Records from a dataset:
━━━━━━━━━━━━━━━━━━━━

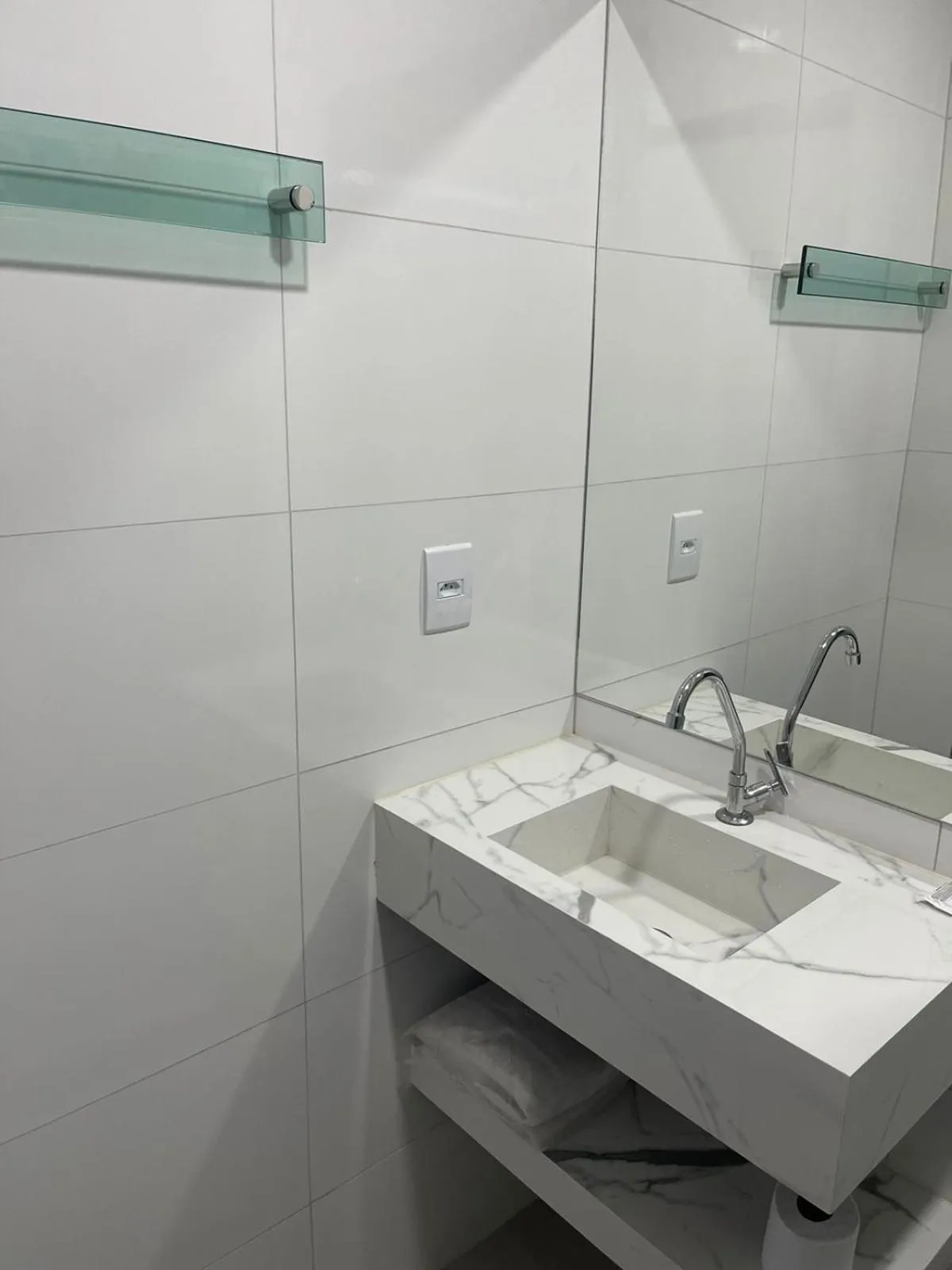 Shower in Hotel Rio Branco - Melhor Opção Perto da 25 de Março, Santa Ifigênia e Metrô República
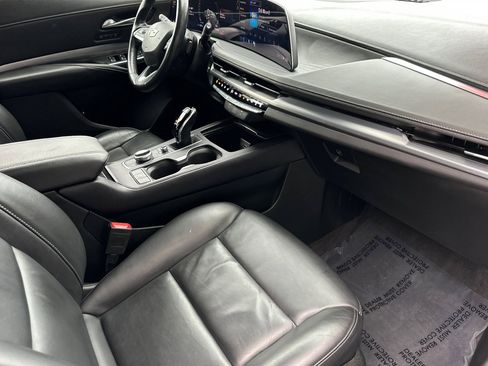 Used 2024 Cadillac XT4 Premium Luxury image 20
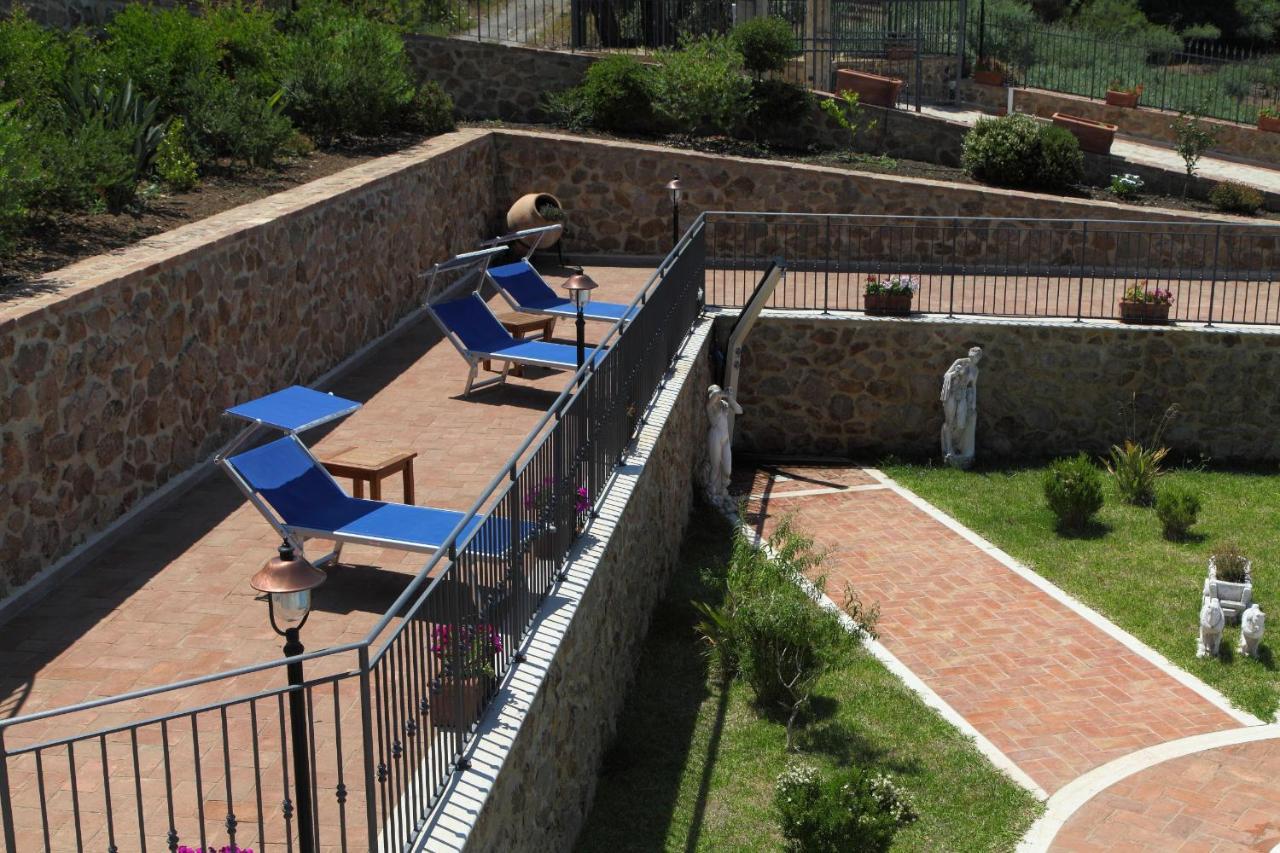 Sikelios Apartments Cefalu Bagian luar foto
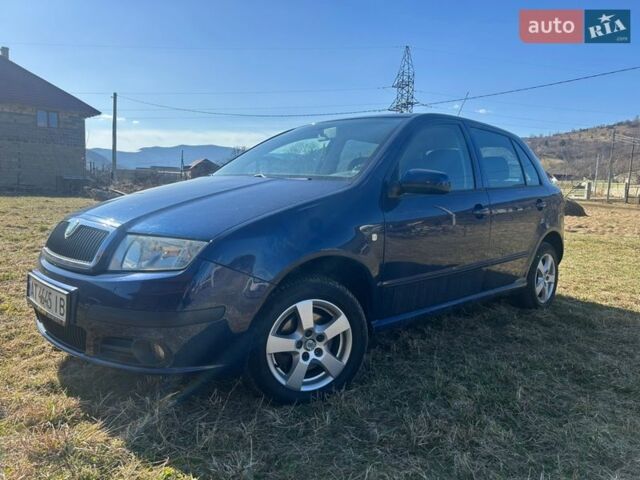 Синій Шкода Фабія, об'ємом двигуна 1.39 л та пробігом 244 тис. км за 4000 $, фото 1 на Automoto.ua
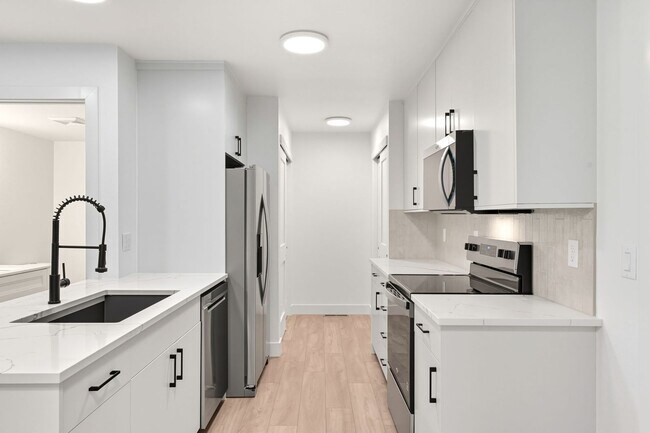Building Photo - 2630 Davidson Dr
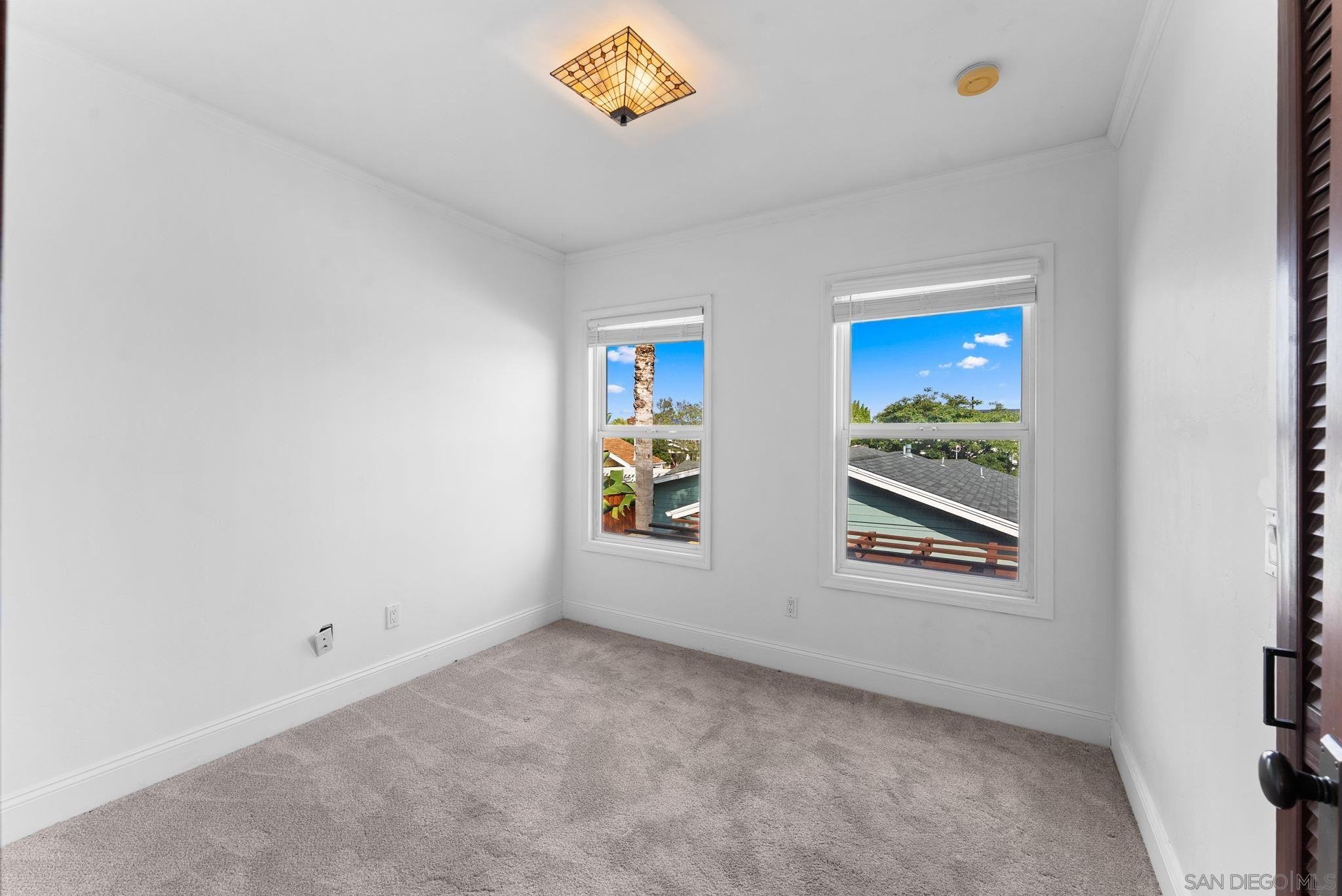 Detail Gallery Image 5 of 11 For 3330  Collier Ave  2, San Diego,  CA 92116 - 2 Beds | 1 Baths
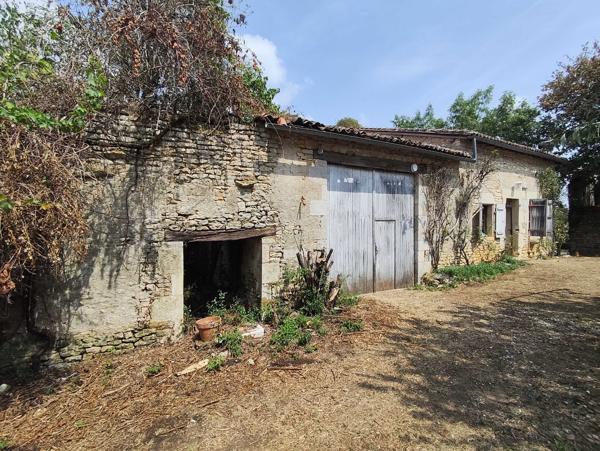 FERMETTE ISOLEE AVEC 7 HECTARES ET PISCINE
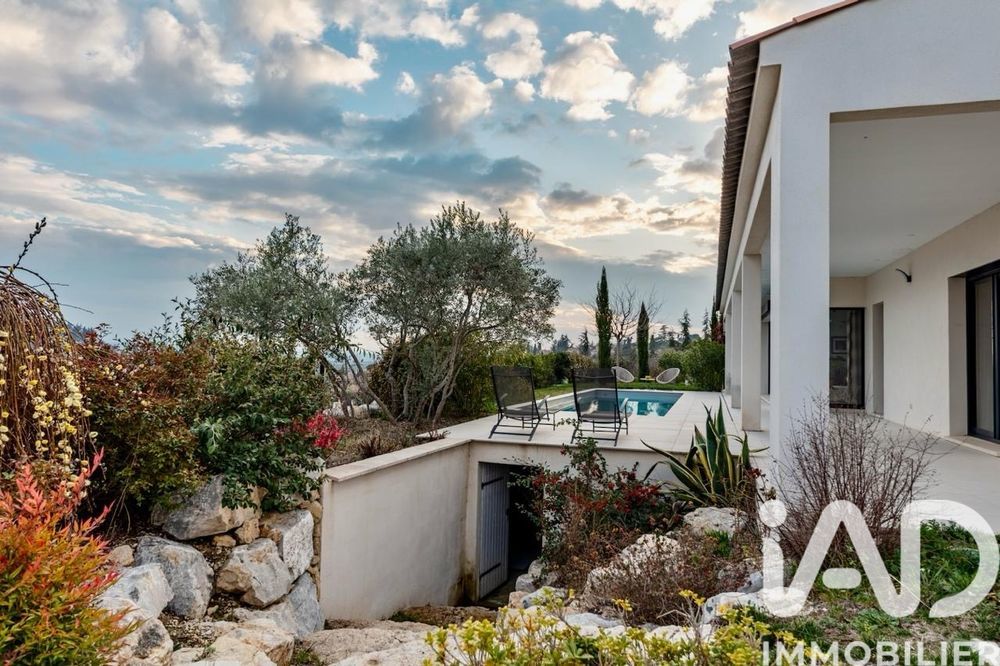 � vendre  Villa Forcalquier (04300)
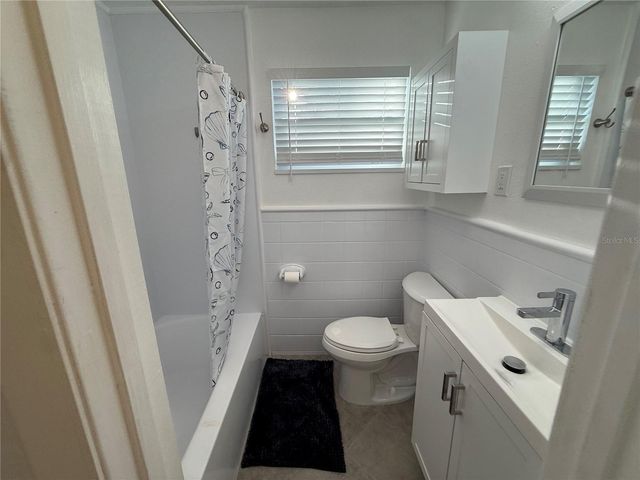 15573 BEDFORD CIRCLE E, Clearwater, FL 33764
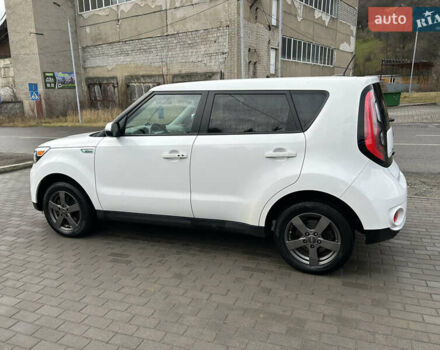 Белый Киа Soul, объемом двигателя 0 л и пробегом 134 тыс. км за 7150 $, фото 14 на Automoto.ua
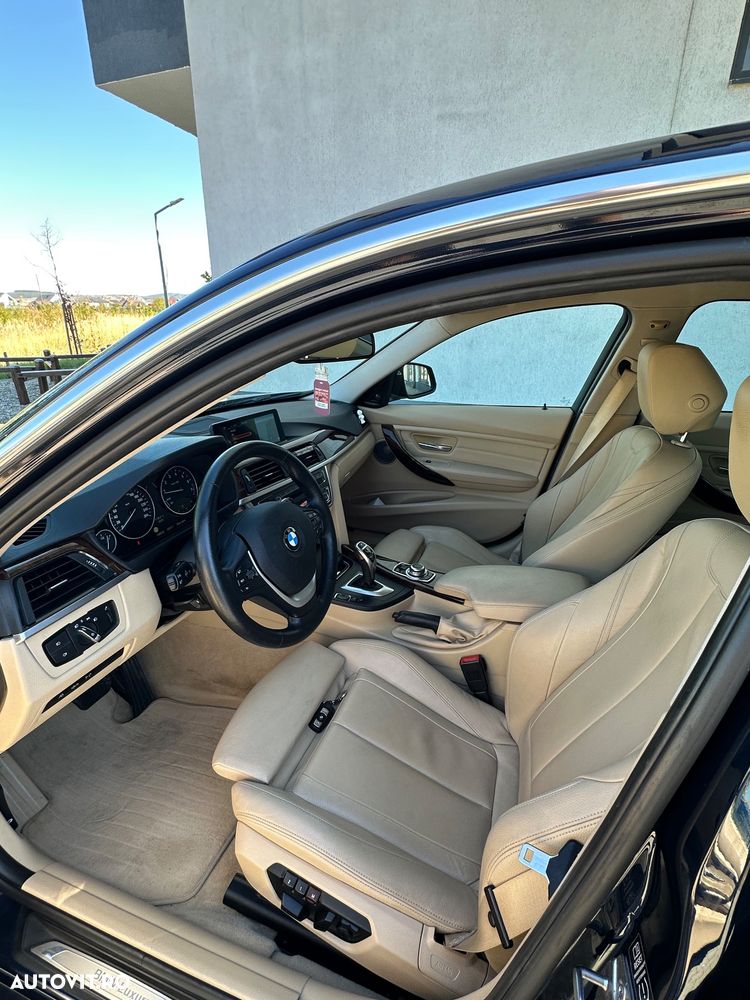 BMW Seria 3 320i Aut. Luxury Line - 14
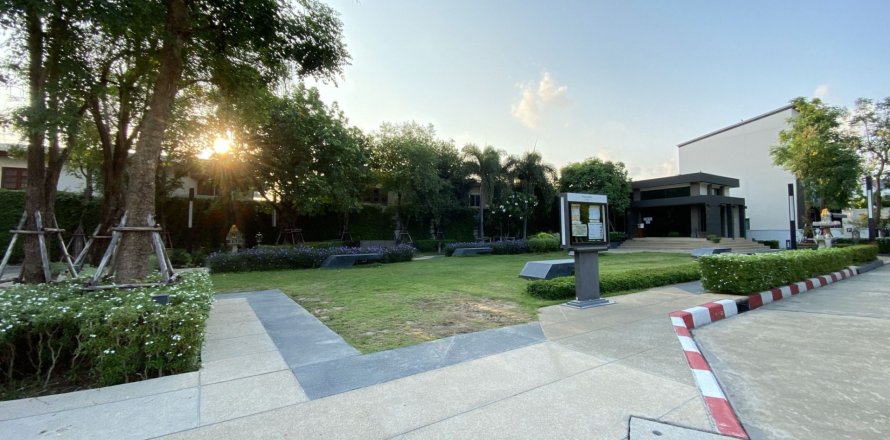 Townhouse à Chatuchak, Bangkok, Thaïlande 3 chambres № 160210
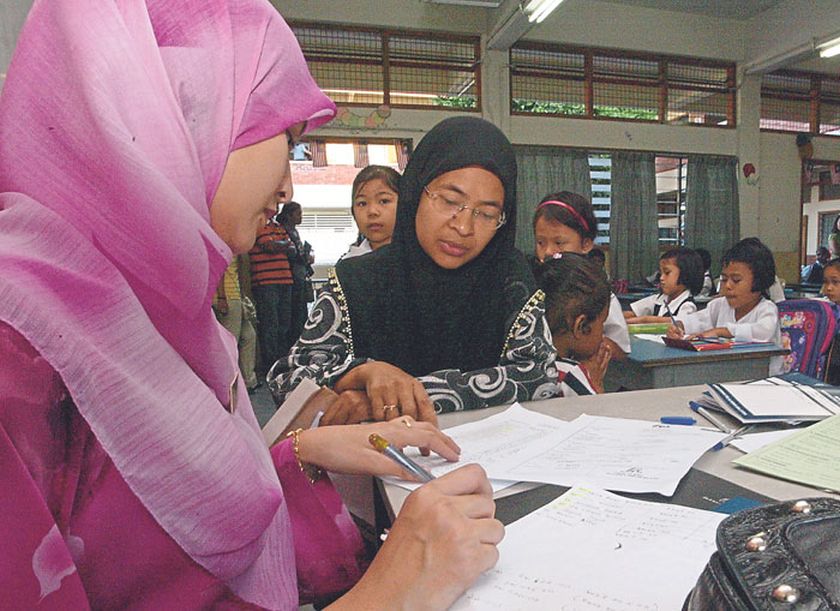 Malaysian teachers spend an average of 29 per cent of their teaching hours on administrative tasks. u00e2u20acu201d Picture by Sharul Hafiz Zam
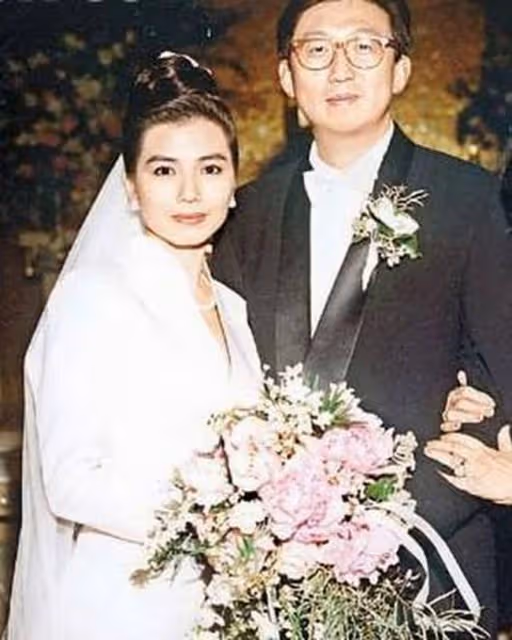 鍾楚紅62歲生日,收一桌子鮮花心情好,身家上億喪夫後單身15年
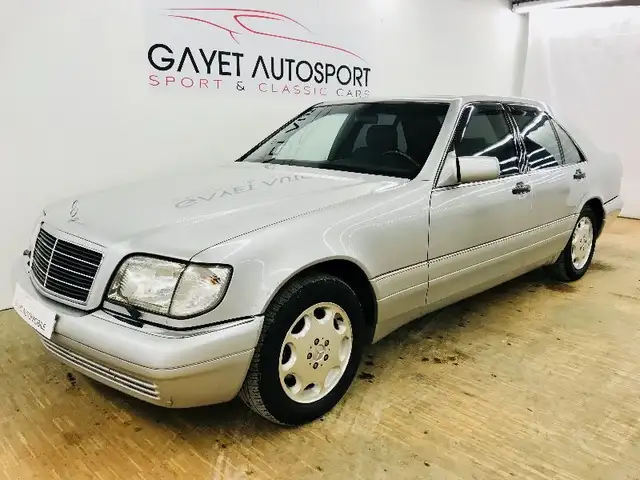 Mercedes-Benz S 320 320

━━━━━━━━━━━━━━━━━━━━

Using the entries above, transcribe every line from the line containing "Белый Киа Soul, объемом" through the line containing "Townhouse à Chatuchak, Bangkok, Thaïlande". Do not copy pictures.

> _Exercise solution_:
 Белый Киа Soul, объемом двигателя 0 л и пробегом 134 тыс. км за 7150 $, фото 14 на Automoto.ua
 BMW Seria 3 320i Aut. Luxury Line - 14
 Townhouse à Chatuchak, Bangkok, Thaïlande 3 chambres № 160210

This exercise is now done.